Variables to use when determining uniqueness. Unlike the
dplyrimplementation this must be set for the function to do anything, and only a single variable is used.- .keep_all
If
TRUE, keep all variables in .data. Defaults toFALSE
Details
This function has several potential uses. In it's default mode, it simply shows the unique values for a supplied field:
galah_call() |>
distinct(basisOfRecord) |>
collect()
# A tibble: 9 × 1
basisOfRecord
<chr>
1 HUMAN_OBSERVATION
2 PRESERVED_SPECIMEN
3 OCCURRENCE
4 MACHINE_OBSERVATION
5 OBSERVATION
6 MATERIAL_SAMPLE
7 LIVING_SPECIMEN
8 FOSSIL_SPECIMEN
9 MATERIAL_CITATION
This is the same result as you would get using show_values():
search_all(fields, "basisOfRecord") |>
show_values()Using distinct() is somewhat more reliable, however, as it doesn't rely
on searching the tibble returned by show_all(fields). It is also more
efficient, particularly when caching is turned off. If the goal is to
retrieve the number of levels of a factor, use:
galah_call() |>
distinct(basisOfRecord) |>
count() |>
collect()
# A tibble: 1 × 1
count
<int>
1 9
When the variable passed to distinct() in the above example is
speciesID, this is identical to calling:
atlas_counts(type = "species")You can also pass group_by()
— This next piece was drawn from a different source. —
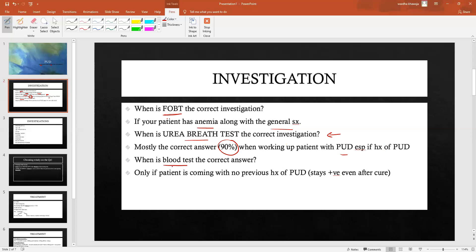A blood test will stay positive if a patient has ever had H. pylori, so if your patient is presenting for the first time ever, you might want to do a blood test. However, if the patient has a past history of peptic ulcer disease, there is no point doing a blood test, because just like with every other infection, once the body creates antibodies against a pathogen it retains that memory.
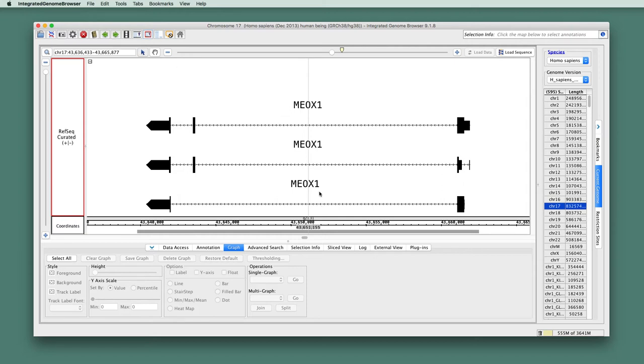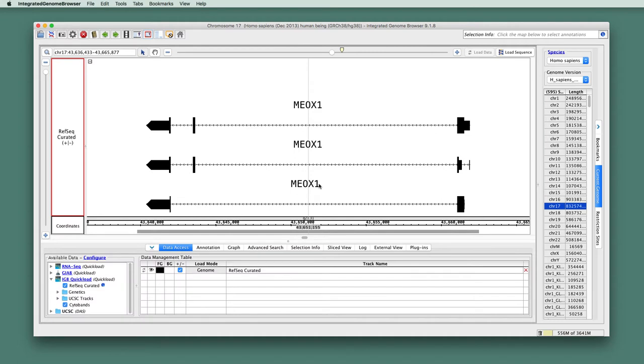So here they are. So this is MEOX1, and it has three gene models annotated to it, and they mostly differ with respect to the presence of an exon near the three prime end of the gene model.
to find the number of facets per level of a second variable:
galah_call() |>
identify("Perameles") |>
distinct(speciesID) |>
group_by(basisOfRecord) |>
count() |>
collect()
# A tibble: 8 × 2
basisOfRecord count
<chr> <int>
1 Human observation 7
2 Preserved specimen 9
3 Machine observation 2
4 Observation 3
5 Occurrence 3
6 Material Sample 4
7 Fossil specimen 1
8 Living specimen 1
By setting .keep_all = TRUE, we get more information on each record.
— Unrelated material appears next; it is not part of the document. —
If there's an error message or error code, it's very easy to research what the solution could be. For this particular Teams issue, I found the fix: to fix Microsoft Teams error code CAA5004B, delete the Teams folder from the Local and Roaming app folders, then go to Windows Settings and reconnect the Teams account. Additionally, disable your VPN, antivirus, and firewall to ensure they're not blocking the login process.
Due to limits on the APIs this is not a perfect analogy for running
dplyr::distinct() on raw occurrences; but it does allow us to
generalise atlas_species() to use any taxonomic identifier. For example,
we might choose to show data by family instead of species:
galah_call() |>
identify("Coleoptera") |>
distinct(familyID, .keep_all = TRUE) |>
collect()Using group_by() is also valid:
galah_call() |>
filter(year == 2024,
genus == "Crinia") |>
group_by(speciesID) |>
distinct(.keep_all = TRUE) |>
collapse()In this case, collect() and
atlas_species() are synonymous, with the exception that the latter
does not require you to set the .keep_all argument to TRUE. So you
could instead use:
galah_call() |>
identify("Coleoptera") |>
distinct(familyID) |>
atlas_species()Examples
if (FALSE) { # \dontrun{
galah_call() |>
distinct(basisOfRecord) |>
count() |>
collect()
} # }